RECORDS PROVIDED:
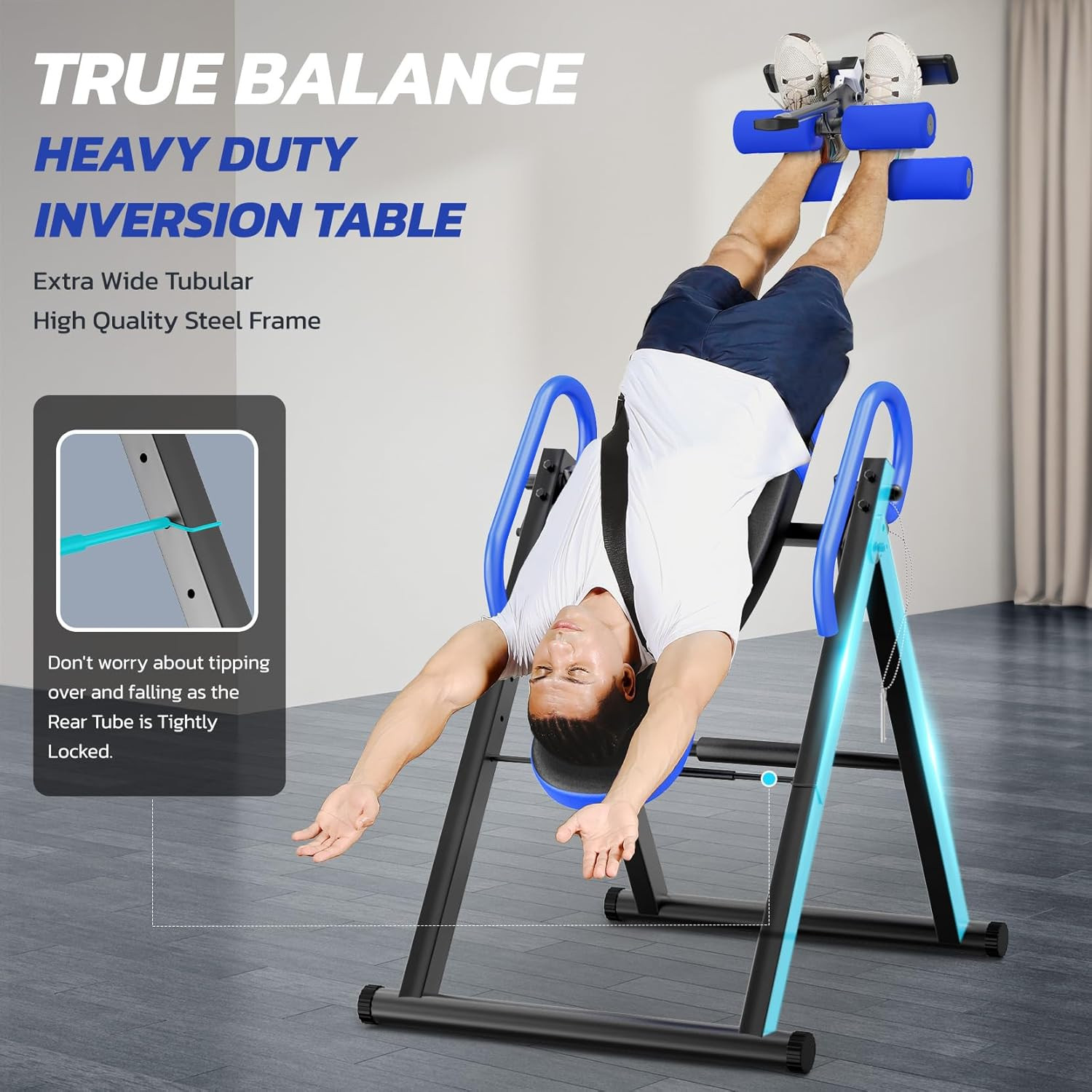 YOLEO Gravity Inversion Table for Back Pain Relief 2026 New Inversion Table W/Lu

--

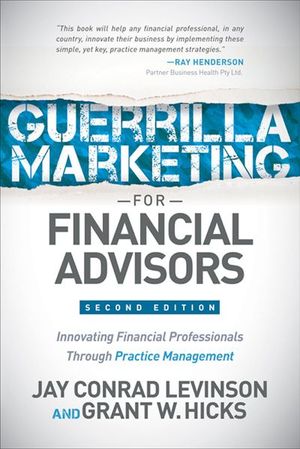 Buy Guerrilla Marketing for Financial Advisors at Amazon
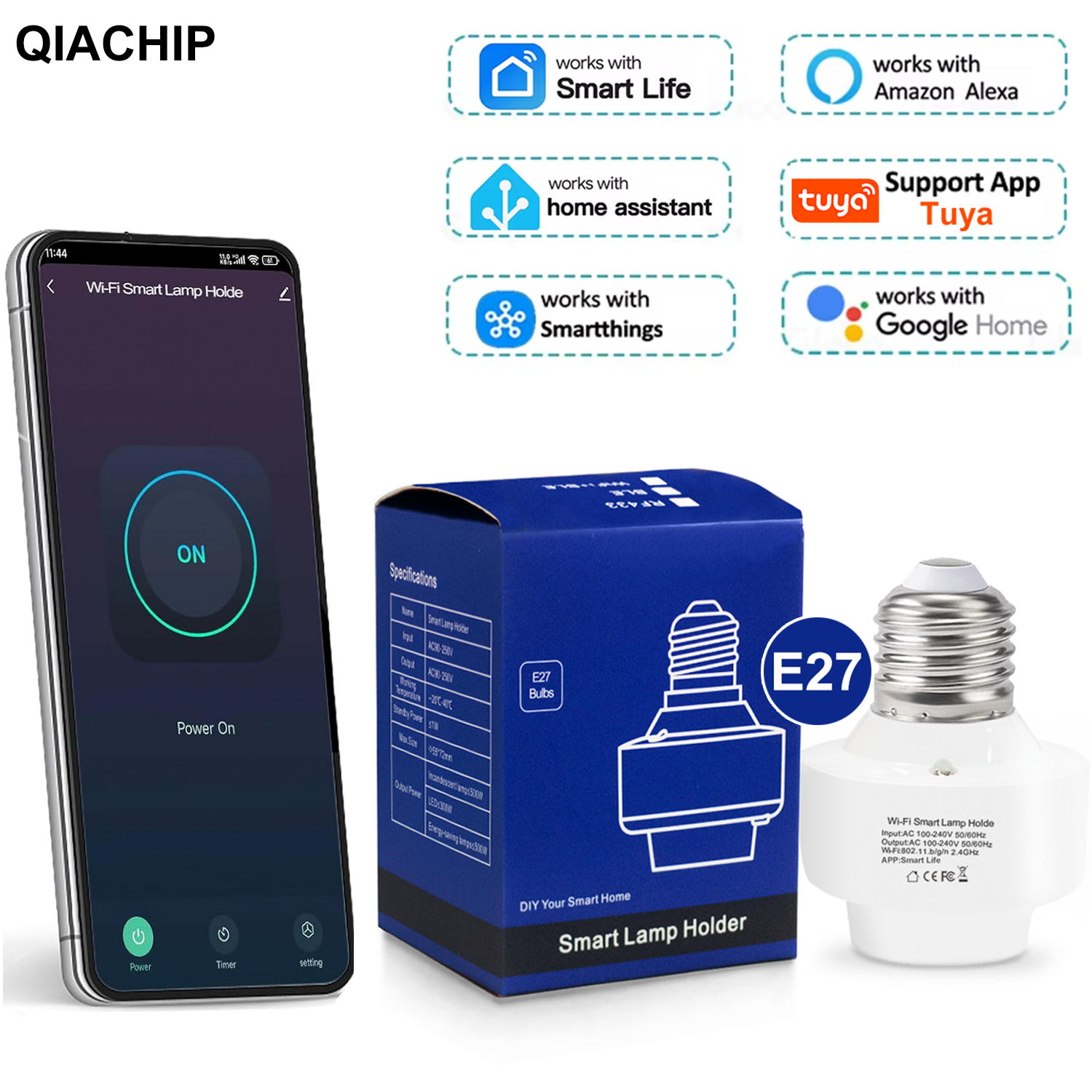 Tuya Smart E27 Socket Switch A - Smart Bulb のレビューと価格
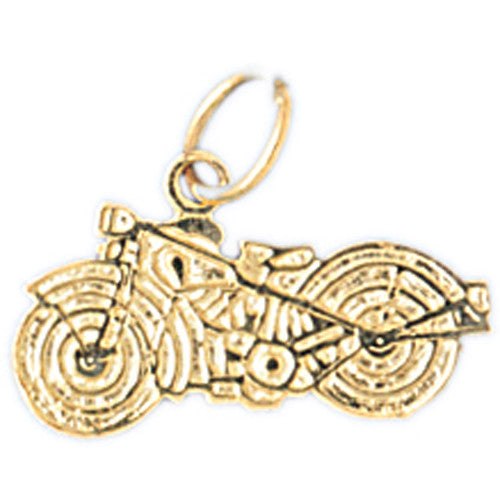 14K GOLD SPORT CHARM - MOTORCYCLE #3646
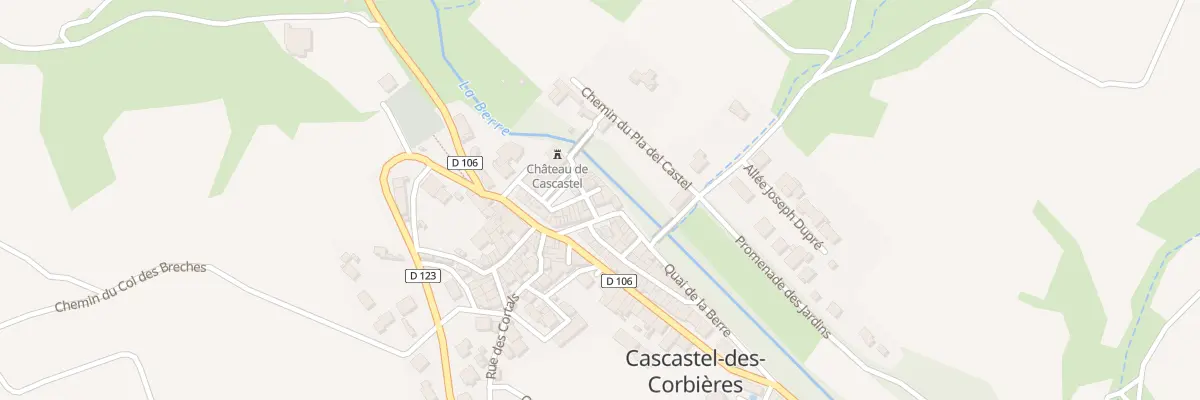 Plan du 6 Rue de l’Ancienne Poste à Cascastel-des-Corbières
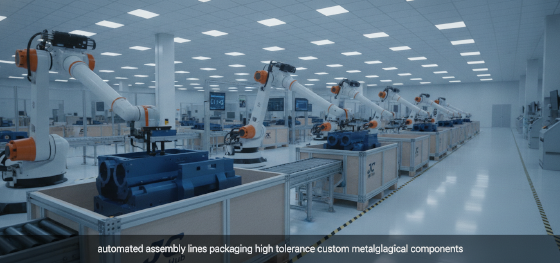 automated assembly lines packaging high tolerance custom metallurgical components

--

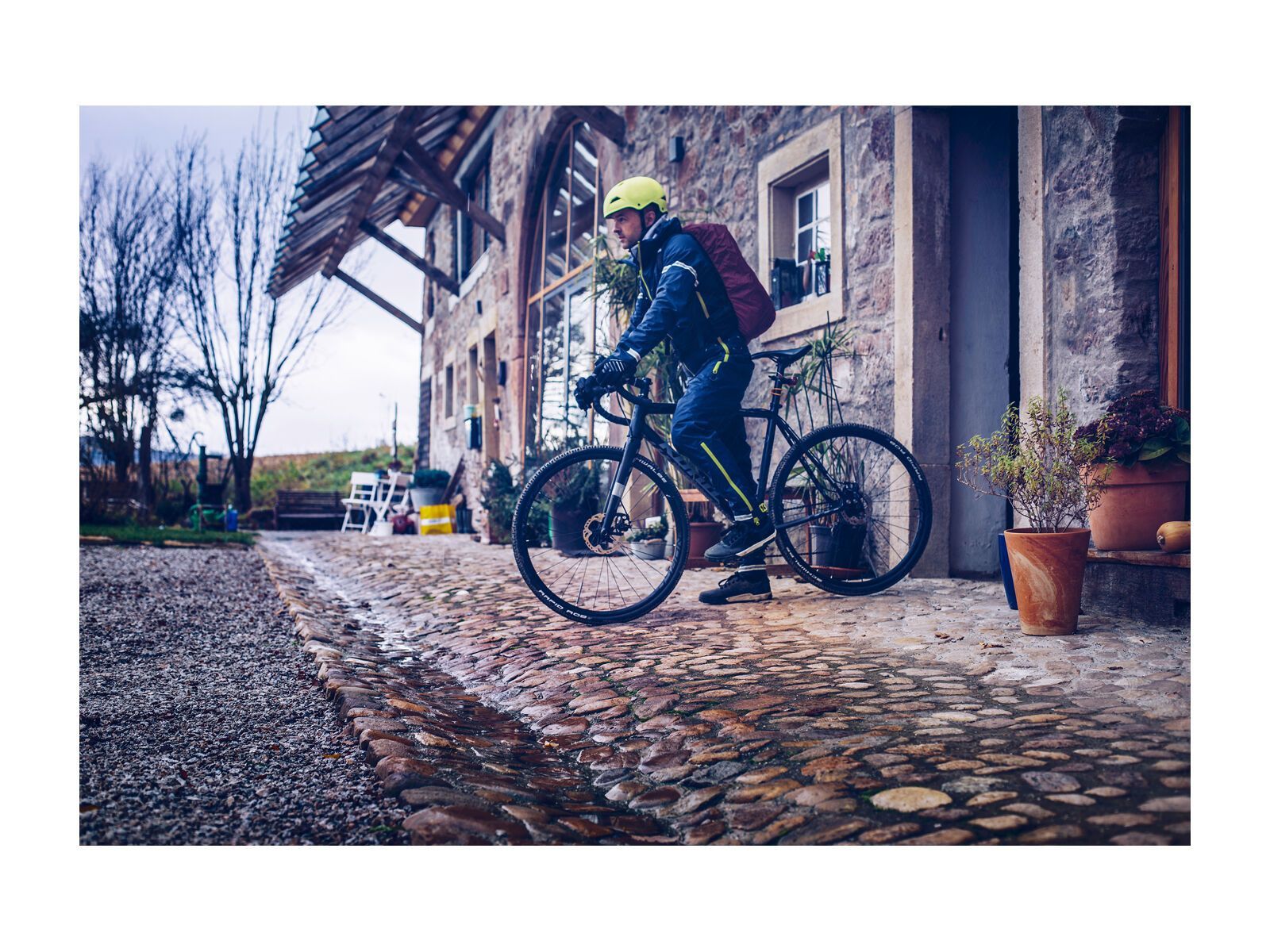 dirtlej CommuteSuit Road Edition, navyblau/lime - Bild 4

THE PROBLEM: Give back the exact lines above, running from the one that has "Plan du 6 Rue" through the one that has "automated assembly lines", with nothing added and no pictures.

YOUR SOLUTION:
 Plan du 6 Rue de l’Ancienne Poste à Cascastel-des-Corbières
 automated assembly lines packaging high tolerance custom metallurgical components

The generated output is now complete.